Увидела бледность, утомленность не успевшего загореть лица.
— Ваши больные припали к окнам. Стараются разрешить загадку, — сказал он с легким церемонным поклоном. — Давайте еще большую им зададим. Поведите меня на прогулку.
— Вам бы с дороги отдохнуть…
— Вот я и начал уже. Погуляем…
Они пошли от больницы, от ее запахов и беленых стен. Мимо кирпичной водонапорной башни с розовым линялым флажком. Миновали задворки, сорные и не убранные после паводка, с обломками старой швейной машины, клочковатым мехом мертвой собаки. Спустились по склону, где Нура, охваченная цветущими ивами, петляла, отрывая от себя старицы и болотца. Сухая трава блестела под низким солнцем, в розоватой степи чуть виднелись тракторы, вблизи паслись бело-рыжие лошади.
— Как прошло выступление? — спросила она. — Уже все село о вашем приезде знает. Даже больные: «Профессор приехал! Профессор!..»
— Надеюсь, что меня поняли. Выступление было полезным. А иногда смеюсь над собой: придумал себе эту миссию, агитирую, собираю голоса в свою пользу. А то, о чем я вещаю, явится и помимо меня, а может, и мне вопреки… Я говорю о жизни, которая должна здесь возникнуть согласно моим предсказаниям через полвека. Но меня уж тогда не будет. Двигаюсь в будущем, мне не принадлежащем. И вытягиваю за собой мое прошлое, в той же степени недоступное. Весь состою из этих встречных, в сущности, нереальных движений.
— Но я рада, что все-таки выпадают редкие реальные дни. Лужа, в которой стоите, очень даже реальна!
Он засмеялся, перескакивая вслед за ней по залитой, с брошенными жердями дороге, выбираясь на сушь.
— Я так рад, что вас вижу…
Солнце садилось в кусты, сплетя из них круглую, блестящую корзину. Нура под обрывом хлюпала мутной водой, начинала розоветь. Качала желтые тростники с бесшумными малыми птицами, повисшими на метелках.
— Вы мне рассказывали о детстве, войне, женитьбе. — Ее голова на солнце оделась летучим свечением. И было больно смотреть на путаницу веток, лучей. — Я сидела вечерами и думала…
— Заморочил вам голову своими жалобами, — ответил Ковригин благодарно, боясь потерять свечение в ее волосах.

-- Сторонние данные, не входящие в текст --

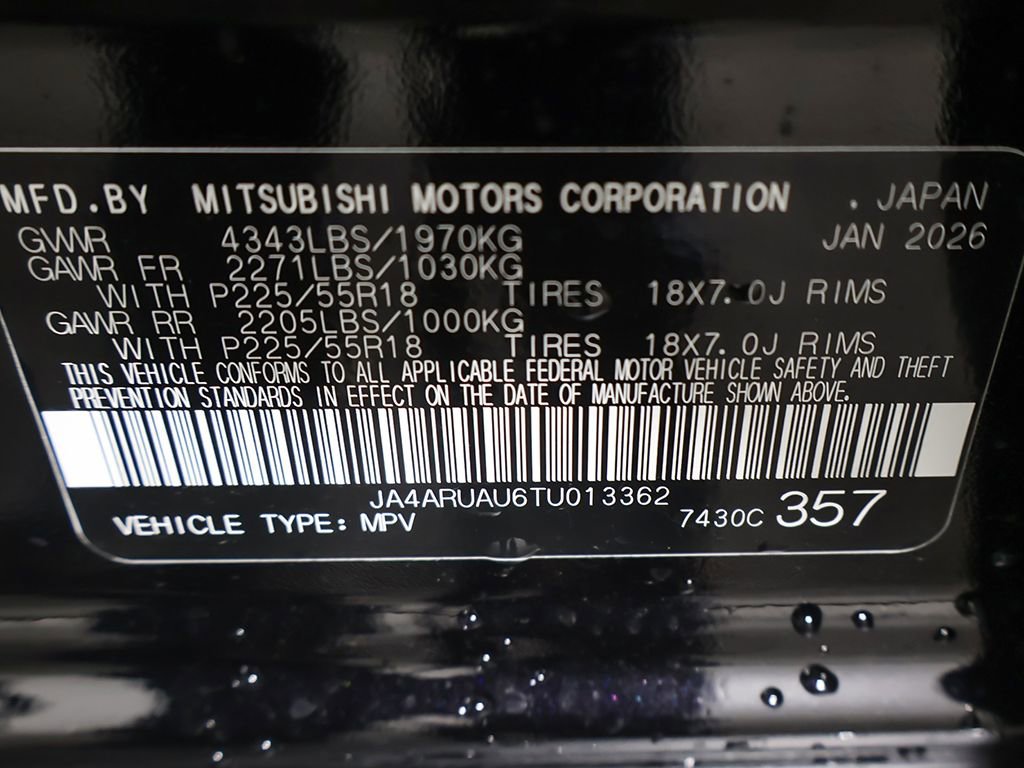 New 2026 Mitsubishi Outlander Sport ES image 42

— У меня в больнице лежит старушка. Очень слаба, на ладан дышит. И к ней приходит ее дед, навещать. Сядет у постели, возьмутся за руки и сидят, как дети… Мне их историю рассказали… Они где-то под Курском в одной деревне росли. Но она богатая дочь, а он бедняк. Любили друг друга, хотели пожениться, но ее родители не дали. Выдали за купца деревенского. И так разошлись. И весь свой век прожили порознь. Он ходил по войнам, по стройкам, женат был, где-то детей растерял. А она, как мужа ее раскулачили, с ним скиталась, на север, на юг, в эту степь казахстанскую, пока не умер. И тут, представляете, уже на старости лет встретились. Узнали, поженились. Будто им было загадано, а потом сбылось…
— Ну, это притча какая-то, — сказал Ковригин. — Сказка или как в старых песнях поется. Это чудо, почти несбыточное.
— А я и жду чуда. С детства в себе чувствую горячую точечку. Где-то во мне живет, светит, греет. Потом из нее чудо родится.
— Как вы сказали? Горячая точечка?
— Я эту точечку очень рано в себе ощутила. Может, раньше всего. Я в нее очень верю, в самые худые минуты. Я верю в чудо. У мамы не было чуда. У отца не было. А у этой старушки есть. Только она эту точечку называет по-своему: ангел-хранитель. А у меня другое название…
Заря в черных росчерках веток. На круче два последних красных пятна. Темная зелень воды. И утка снялась с течения с кряком и свистом, в ржавом своем оперении. Мелькнув над потоком, завернула за купы кустов.
— Да, — сказал он, — это все не имеет названия. Кто называет чудом, кто ангелом. У меня — летучее семечко… Наверное, у каждого есть. И у директора, с которым сегодня встречался… Мы только сказать не умеем. Может, за этим пушистым семечком всю жизнь и гонюсь?.. На броне атакующей… В самолете… Или в городской толчее в Столешниковом… Раз увидел его в Будапеште. В Венгрию залетело…
— Расскажите, — попросила она, — расскажите про Венгрию. Про летучее семечко…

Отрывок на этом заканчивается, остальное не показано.